Information provided:
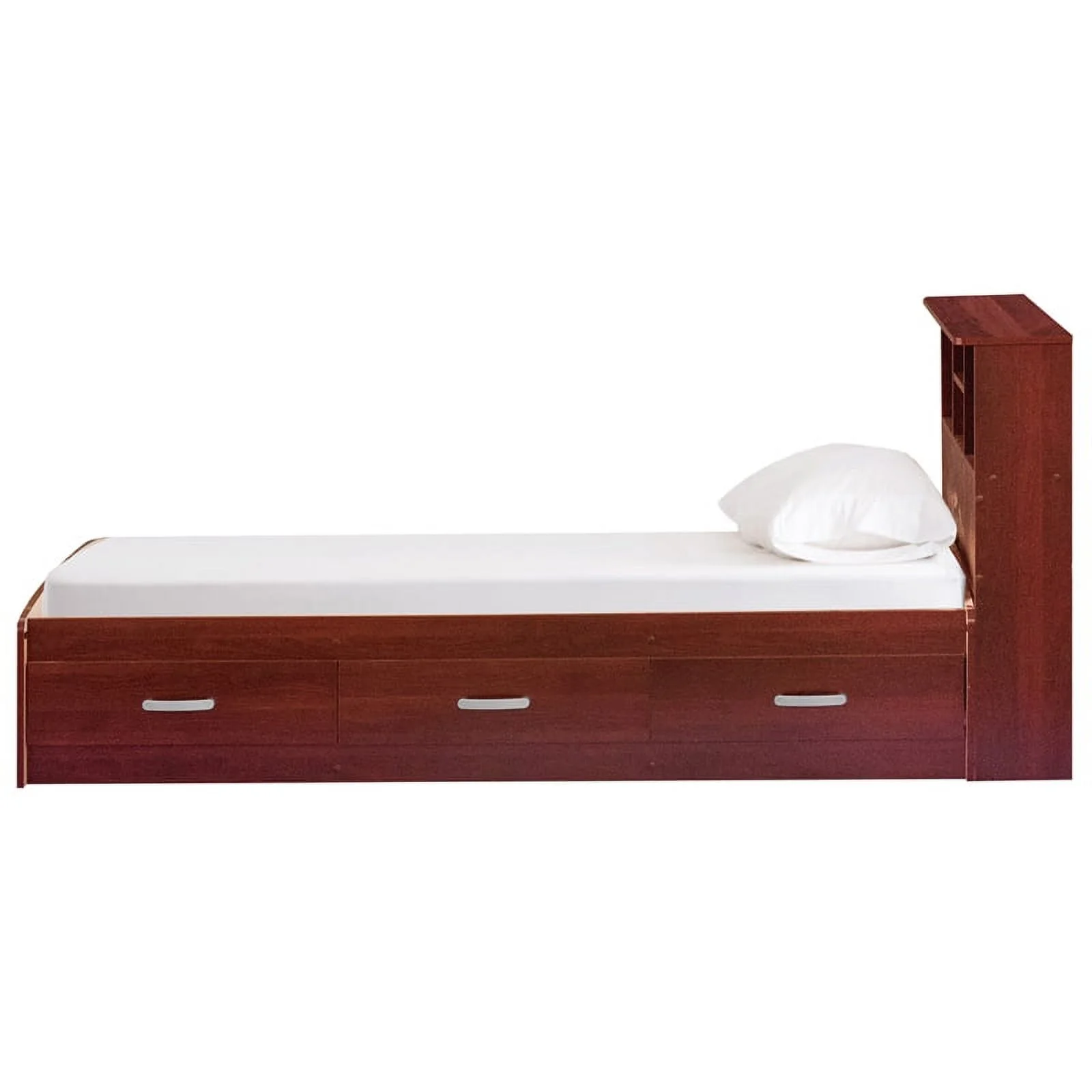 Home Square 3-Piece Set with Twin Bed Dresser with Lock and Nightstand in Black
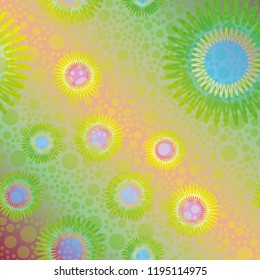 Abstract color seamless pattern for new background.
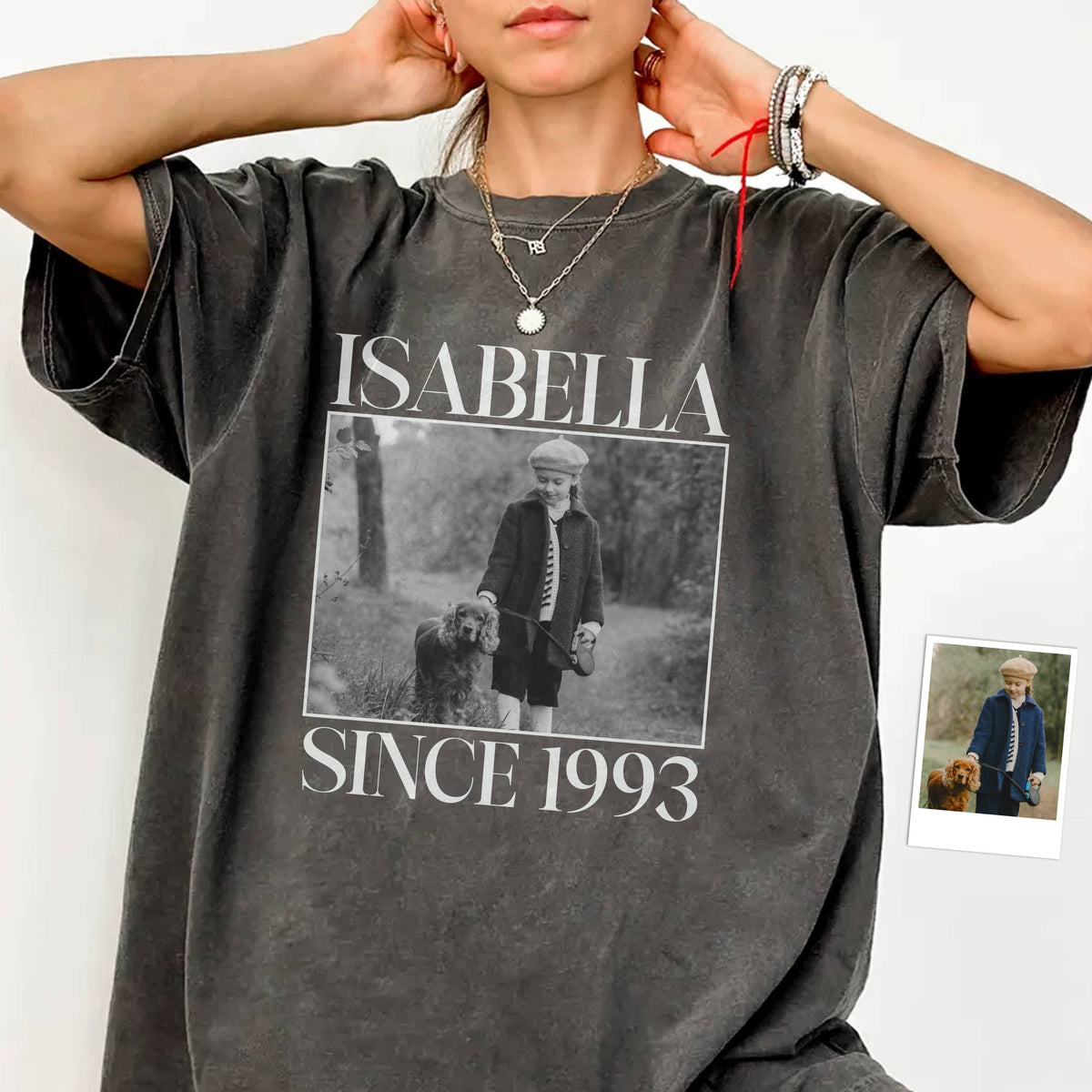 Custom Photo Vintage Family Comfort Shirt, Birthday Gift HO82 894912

Work request: Quote all the lines above exactly as given. Do not include the pictures.

Your solution:
 Home Square 3-Piece Set with Twin Bed Dresser with Lock and Nightstand in Black
 Abstract color seamless pattern for new background.
 Custom Photo Vintage Family Comfort Shirt, Birthday Gift HO82 894912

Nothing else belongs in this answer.